#### Data for analysis
● ● ●

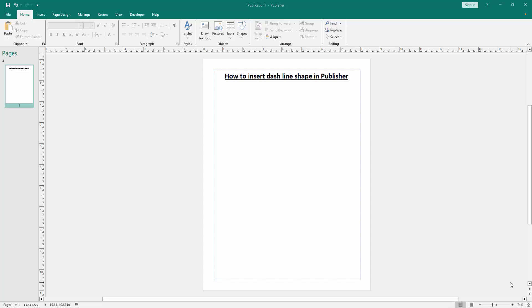In this video, I am going to show you how to insert dashed line shape in Microsoft Publisher. Let's get started.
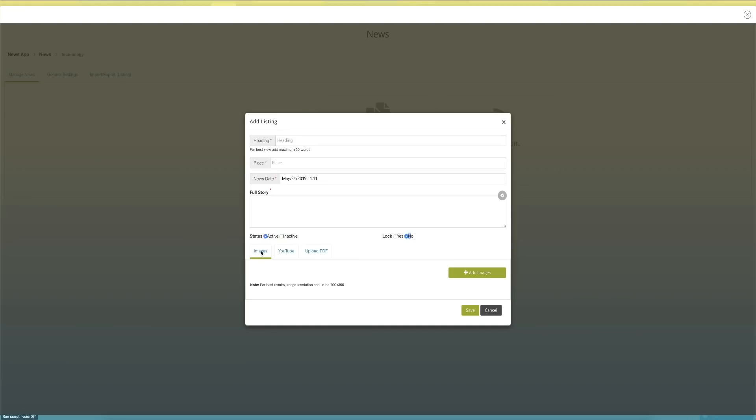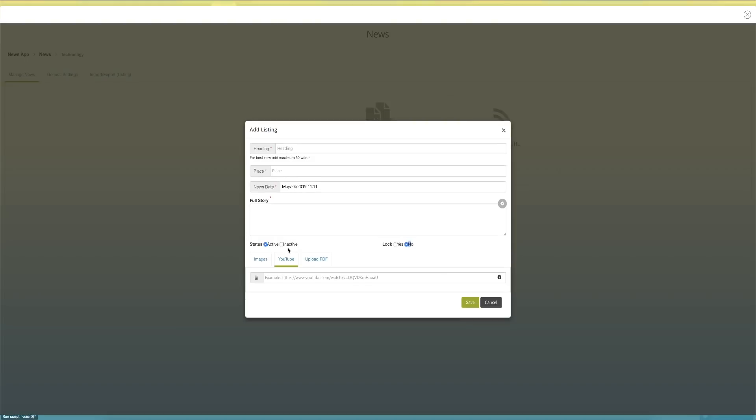Once you start adding articles, you can also populate multimedia content like images and videos. You also have the option to share the content or the story on social media channels like Facebook and Twitter.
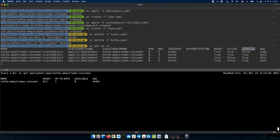As you can see, the fallback is working as expected. If we create the Kafka broker and Kafka topic again, the application will be scaled back to the optimal number of replicas. Thank you for your time.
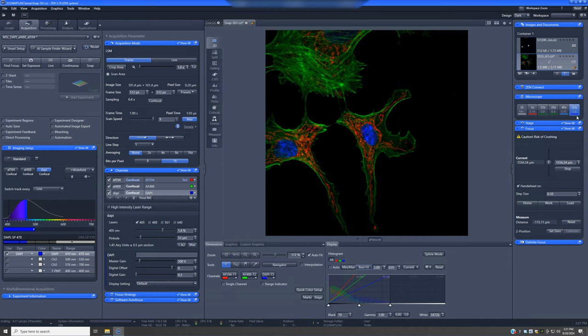If for anything subcellular, I would strongly recommend you use the 63x1.4. That's an oil immersion objective.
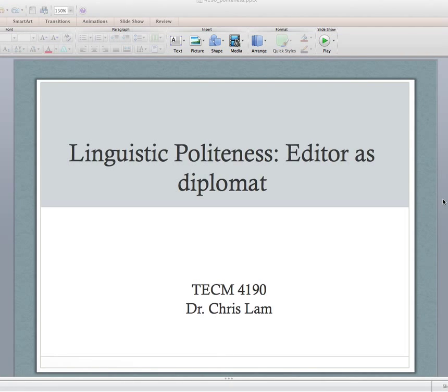Hello 4190, greetings from Japan — actually I'm not in Japan, I'm in my office, but while you're watching this I may be in Japan. This is the video lecture that goes along with class for October 15th, week 8, and we're going to talk about phrasing editorial comments.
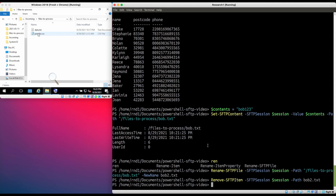Finally, once we're done accessing the SFTP server, we can close the connection by using Remove-SFTPSession, passing in our session variable.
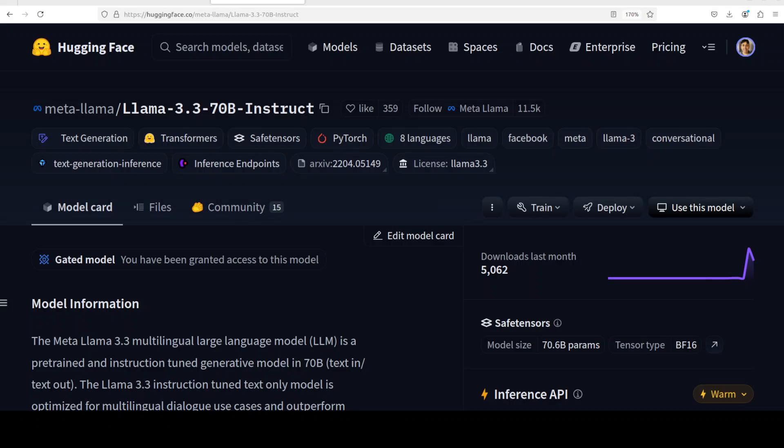This Llama 3.3 model is an autoregressive language model that uses an optimized transformer architecture. It uses supervised fine-tuning, it uses reinforcement learning with human feedback, it uses group query attention, and it has got a lot of other goodies which I have mentioned in my previous video.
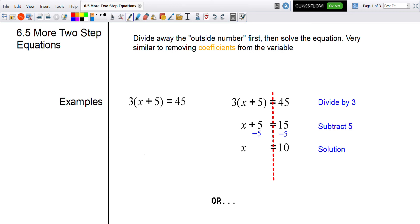Our last review lesson is going to be two-step equations, but just a little bit more complicated — one extra step. We're looking at two-step equations that start looking like this, which we've seen before.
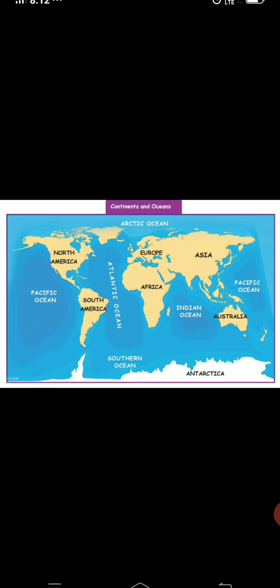Next, map work — continents and oceans. There are seven continents: Asia, Europe, Africa, North America, South America, Australia, and Antarctica. For oceans: Pacific Ocean on both left and right sides of the map, Arctic Ocean on top, Atlantic Ocean between Africa and South America, Southern Ocean at the south, and Indian Ocean below India.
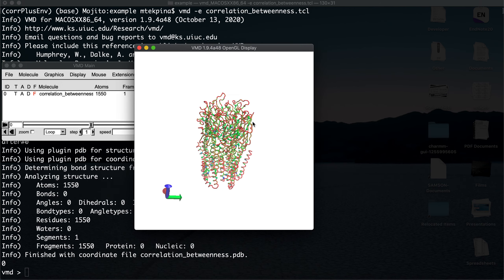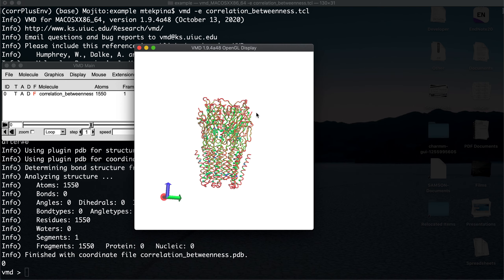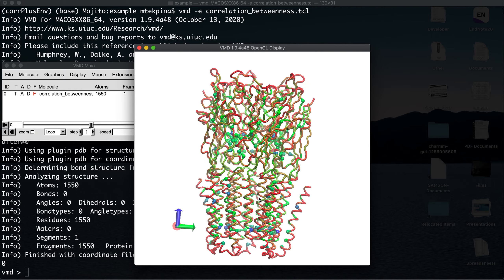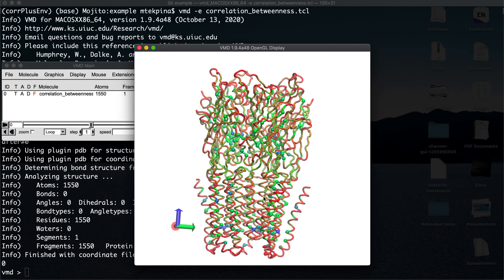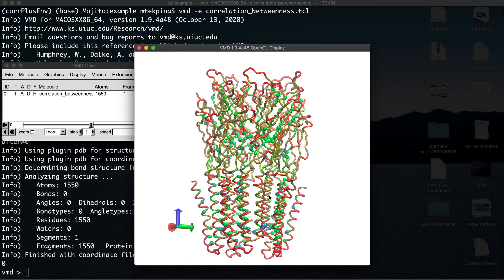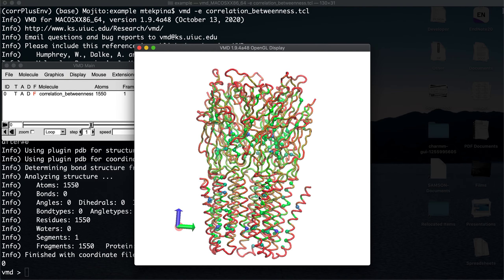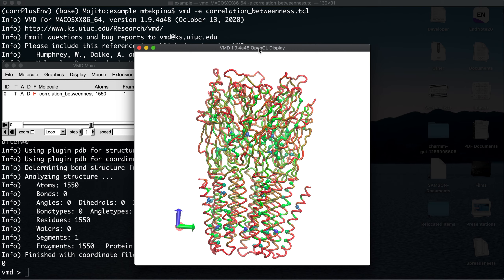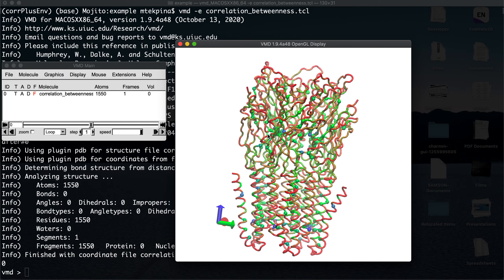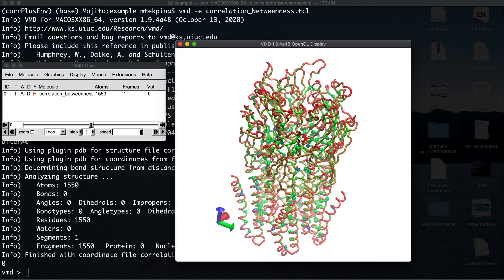Here is the betweenness centrality visualization. It depends on your VMD color scale, but in my scale the blue colors have high betweenness and the red ones have low betweenness. The spheres indicate the residues with the highest ten percent of betweenness centrality.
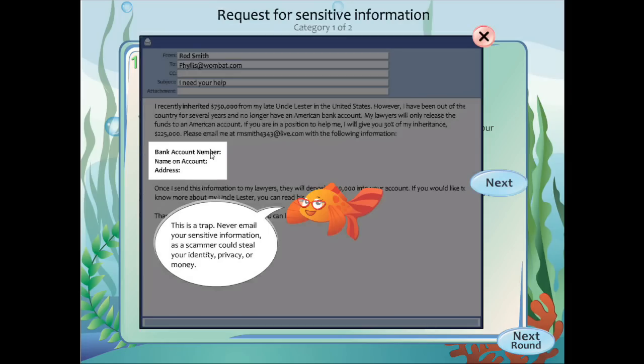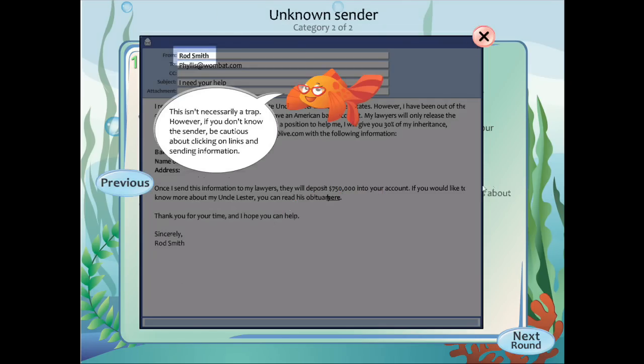When you click on View Example, you see your mistake in its original context, which helps you to avoid making the same mistake again. You have three rounds in which to test your ability to spot phishing traps.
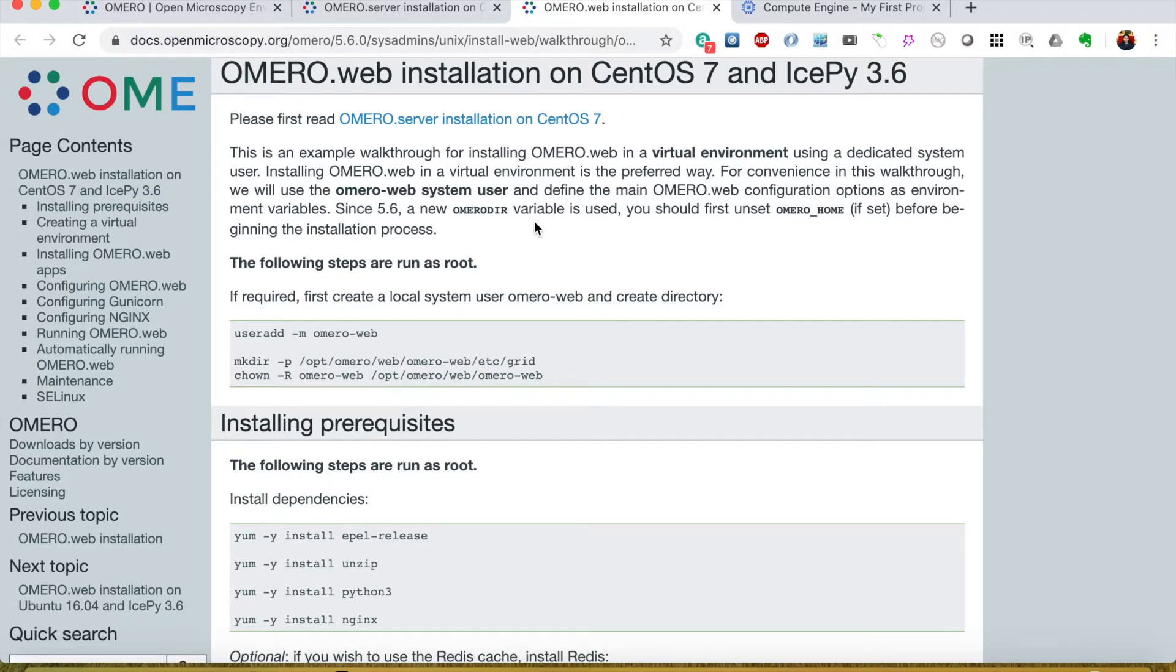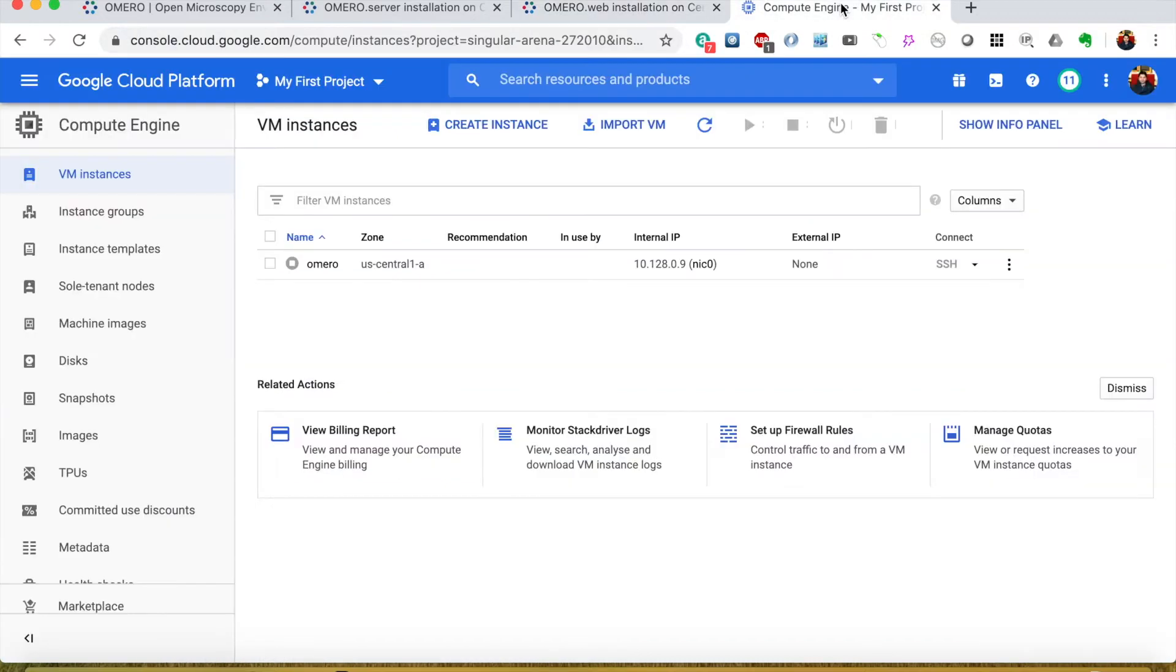I will do this installation on the Google Cloud VM so let's switch to Google Cloud and create the instance first.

● ● ●

#### What the task requires
With images left out, the data must be transcribed exactly.

#### Finished task
In this video, I am going to show you how to insert dashed line shape in Microsoft Publisher. Let's get started.
Once you start adding articles, you can also populate multimedia content like images and videos. You also have the option to share the content or the story on social media channels like Facebook and Twitter.
As you can see, the fallback is working as expected. If we create the Kafka broker and Kafka topic again, the application will be scaled back to the optimal number of replicas. Thank you for your time.
If for anything subcellular, I would strongly recommend you use the 63x1.4. That's an oil immersion objective.
Hello 4190, greetings from Japan — actually I'm not in Japan, I'm in my office, but while you're watching this I may be in Japan. This is the video lecture that goes along with class for October 15th, week 8, and we're going to talk about phrasing editorial comments.
Finally, once we're done accessing the SFTP server, we can close the connection by using Remove-SFTPSession, passing in our session variable.
This Llama 3.3 model is an autoregressive language model that uses an optimized transformer architecture. It uses supervised fine-tuning, it uses reinforcement learning with human feedback, it uses group query attention, and it has got a lot of other goodies which I have mentioned in my previous video.
Our last review lesson is going to be two-step equations, but just a little bit more complicated — one extra step. We're looking at two-step equations that start looking like this, which we've seen before.
Next, map work — continents and oceans. There are seven continents: Asia, Europe, Africa, North America, South America, Australia, and Antarctica. For oceans: Pacific Ocean on both left and right sides of the map, Arctic Ocean on top, Atlantic Ocean between Africa and South America, Southern Ocean at the south, and Indian Ocean below India.
Here is the betweenness centrality visualization. It depends on your VMD color scale, but in my scale the blue colors have high betweenness and the red ones have low betweenness. The spheres indicate the residues with the highest ten percent of betweenness centrality.
When you click on View Example, you see your mistake in its original context, which helps you to avoid making the same mistake again. You have three rounds in which to test your ability to spot phishing traps.
I will do this installation on the Google Cloud VM so let's switch to Google Cloud and create the instance first.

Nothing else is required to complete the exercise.